|
|
|
|
|
by cynicalkane
3635 days ago
|
|
Sometimes you just need to allocate, whether due to necessity or expediency. If you make sure that "almost all" allocations are short-lived, GC is very fast. Allocation is bumping a pointer and cleanup is O(number of new, live objects). It's considerably faster than malloc/free for general-case allocation. |
|
Also don't forget that when GC runs it trashes your d/i-caches; temporaries/garbage allocs reduce your d-cache efficacy; GC must suspend and resume the java threads, which is trips to the kernel scheduler; there are some pathologies with Java threads reaching/detecting safepoints.
GC store barriers (aka card marking) don't have anything to do with thread contention (apart from one thing, which I'll note later). This is a commonly used technique to record old->young gen references, and serves as a way to reduce the set of roots when doing young GC only (i.e. you don't need to scan the entire heap). So this isn't about thread contention, per say -- with the exception that you can get false sharing due to an implementation detail, such as in Oracle's Hotspot.

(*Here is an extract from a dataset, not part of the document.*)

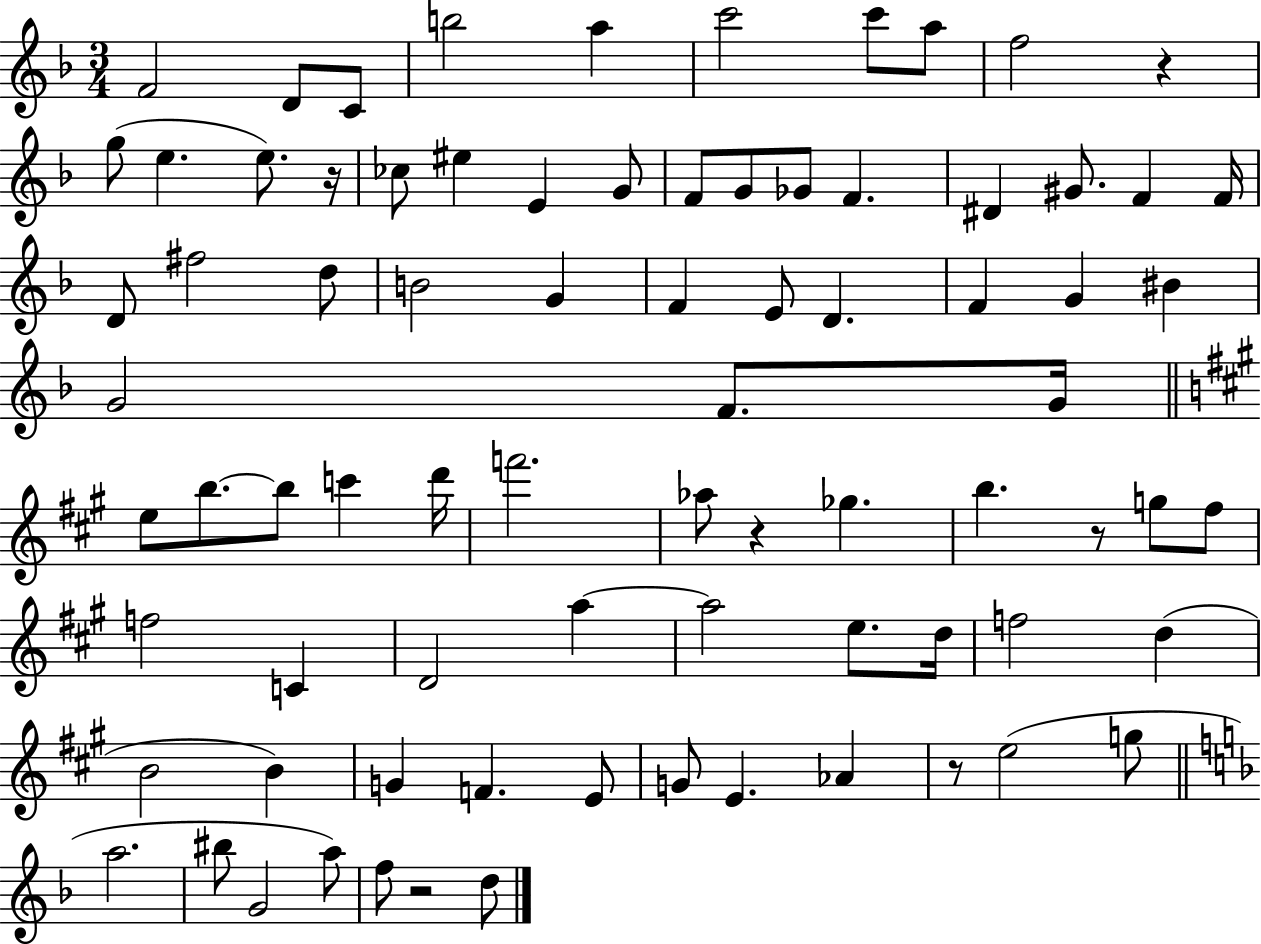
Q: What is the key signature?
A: F major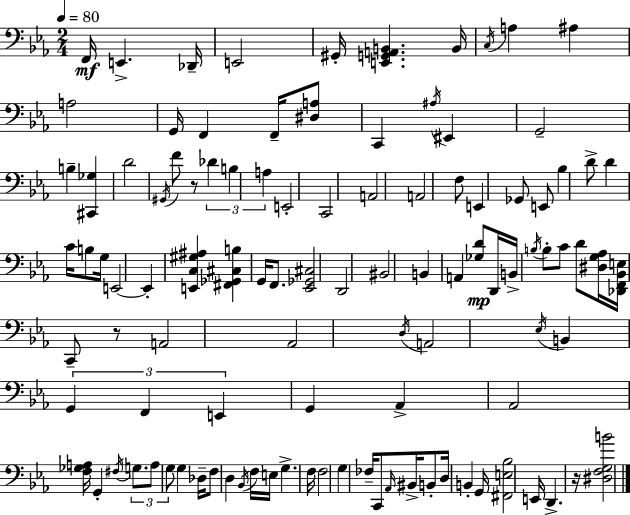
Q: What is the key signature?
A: EES major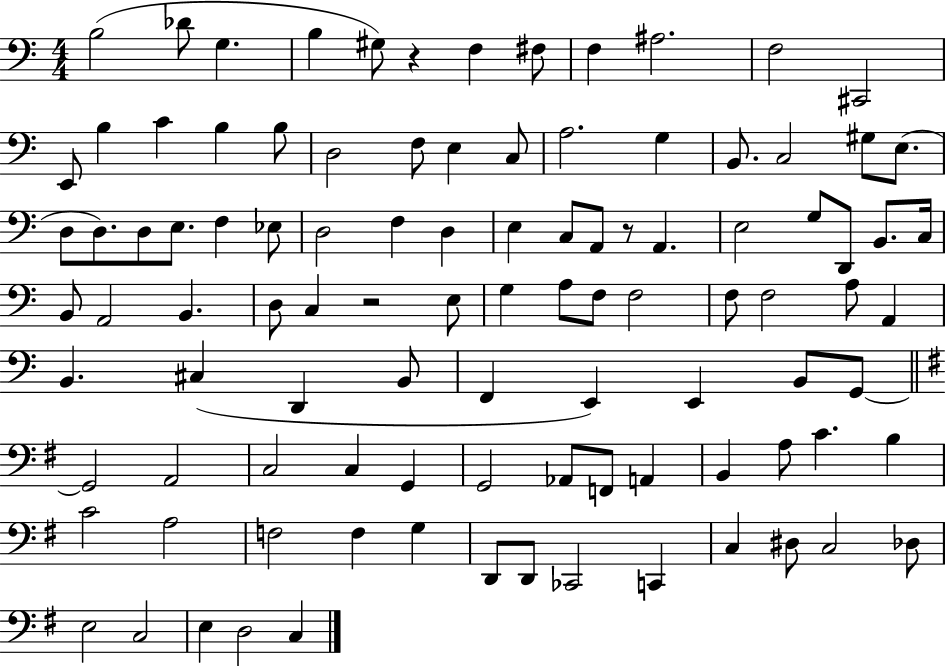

The card table is an array of bytes. Each heap object's address can be mapped into a byte in this array. Whenever a reference is assigned, Hotspot needs to mark the byte covering the referrer as dirty. The false sharing comes about when different threads end up executing stores where the objects requiring a mark end up mapping to bytes that are on the same cacheline - fairly nasty if you hit this problem as it's completely opaque. So Hotspot has a XX:+UseCondCardMark flag that tries to neutralize this by first checking if the card is already dirty, and if so, skips the mark; as you can imagine, this inserts an extra compare and branch into the existing card marking code - no free lunch.